**WORK REQUIRED**
When you reach the line below that has "I want to go", start returning lines exactly, and stop after the line that has "Make sure you"; skip the pictures.

**DATA SHOWN**
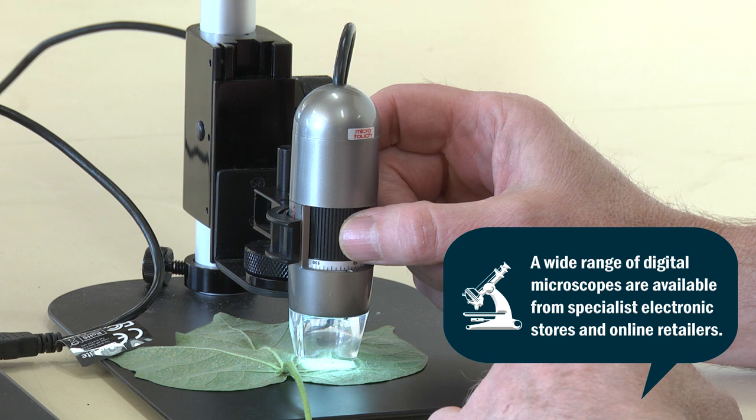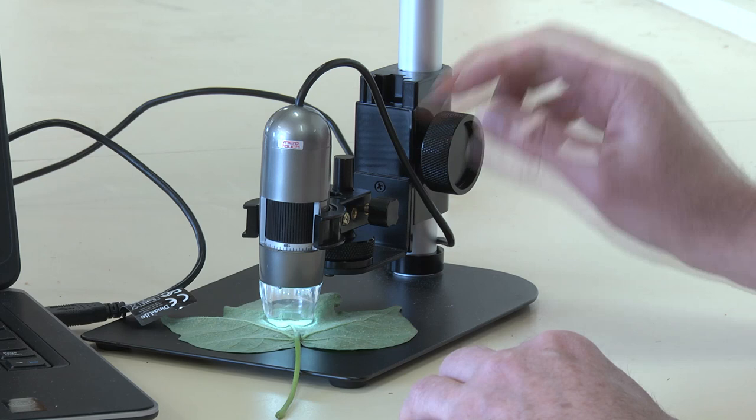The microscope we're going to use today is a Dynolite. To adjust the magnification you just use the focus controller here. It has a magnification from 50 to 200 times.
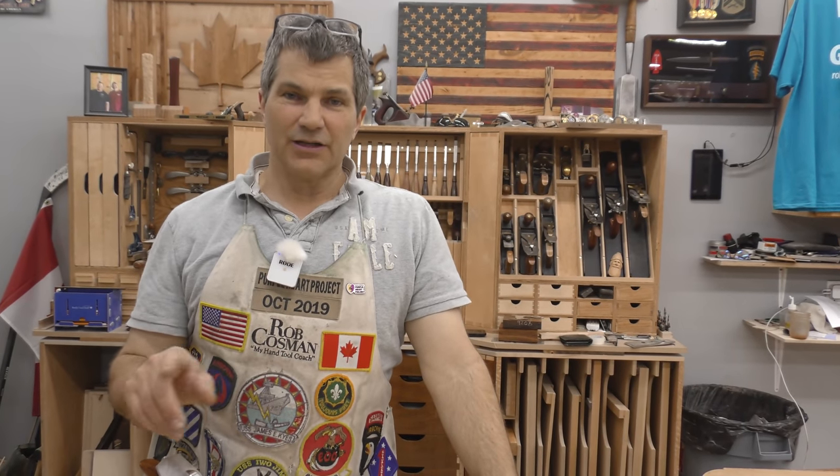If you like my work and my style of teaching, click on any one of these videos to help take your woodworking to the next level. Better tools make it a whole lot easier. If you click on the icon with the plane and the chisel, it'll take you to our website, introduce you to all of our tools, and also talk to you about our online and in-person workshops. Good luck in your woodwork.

--

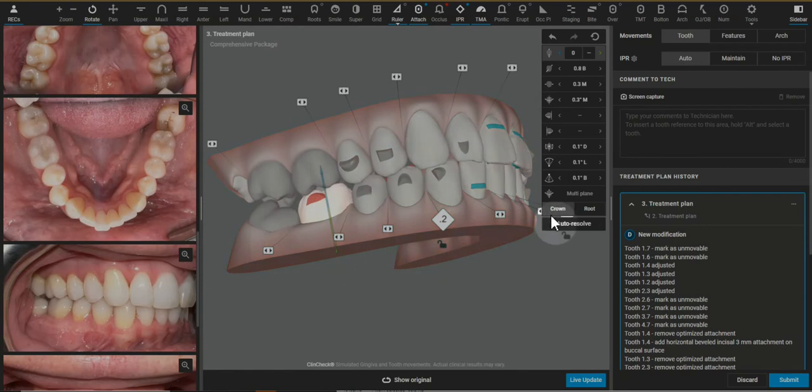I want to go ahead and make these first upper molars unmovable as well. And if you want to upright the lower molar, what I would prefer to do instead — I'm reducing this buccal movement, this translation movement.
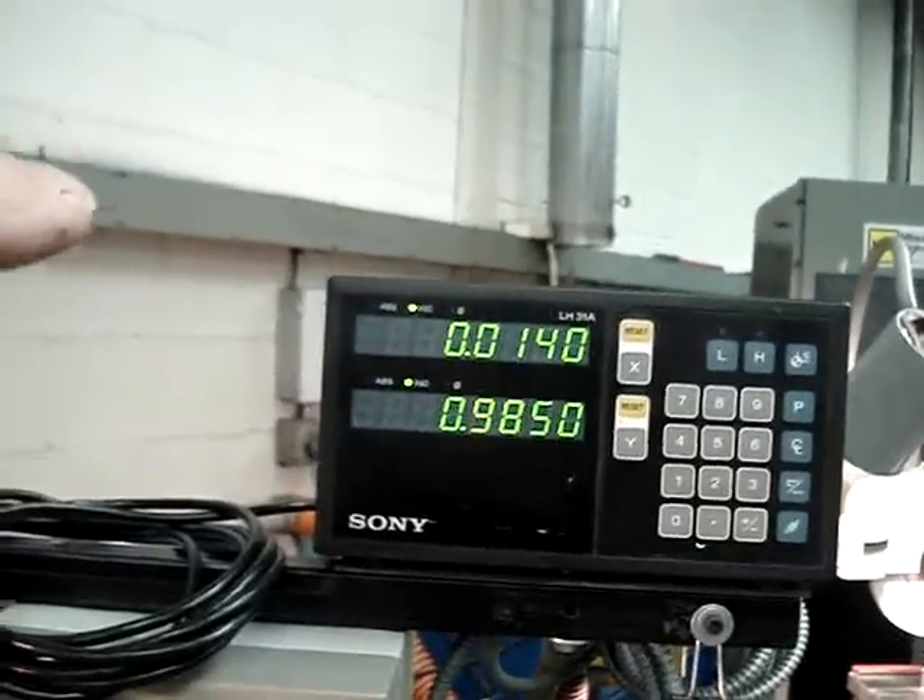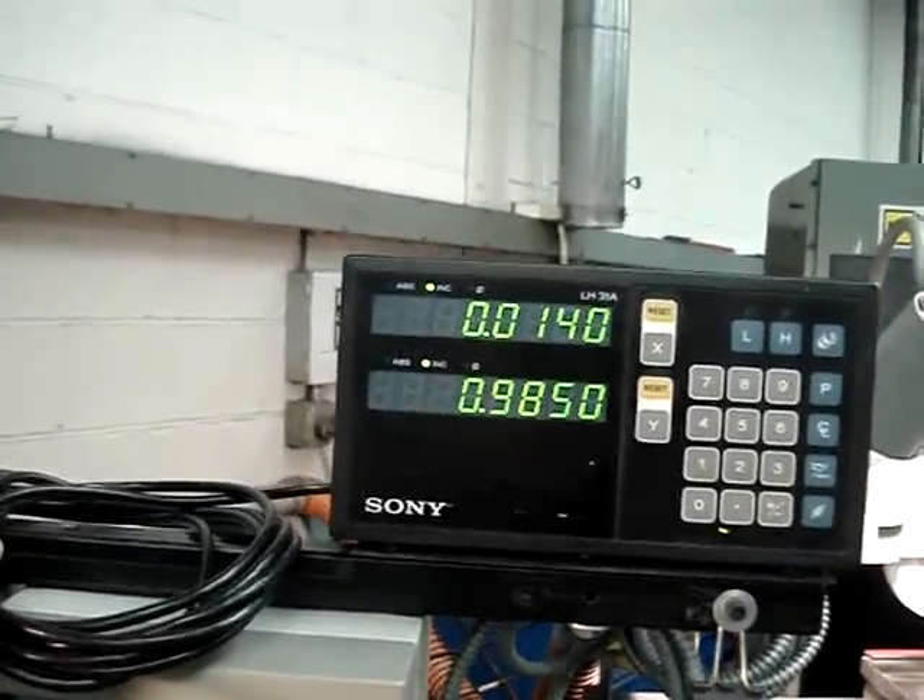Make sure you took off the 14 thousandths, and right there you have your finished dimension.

---

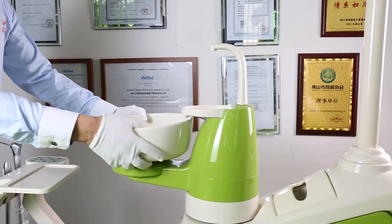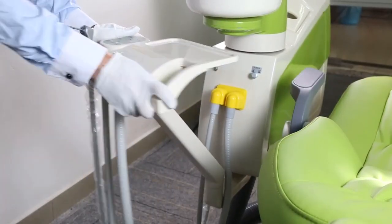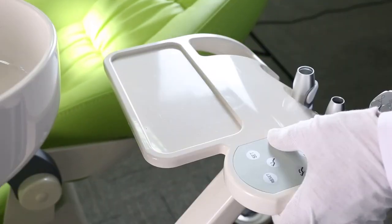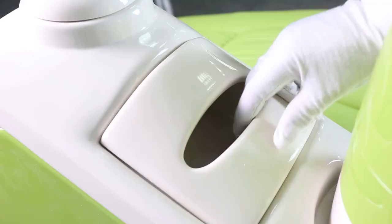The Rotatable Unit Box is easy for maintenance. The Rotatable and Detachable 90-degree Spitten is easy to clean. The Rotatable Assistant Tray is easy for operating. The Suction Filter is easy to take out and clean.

**WRITTEN ANSWER**
I want to go ahead and make these first upper molars unmovable as well. And if you want to upright the lower molar, what I would prefer to do instead — I'm reducing this buccal movement, this translation movement.
Make sure you took off the 14 thousandths, and right there you have your finished dimension.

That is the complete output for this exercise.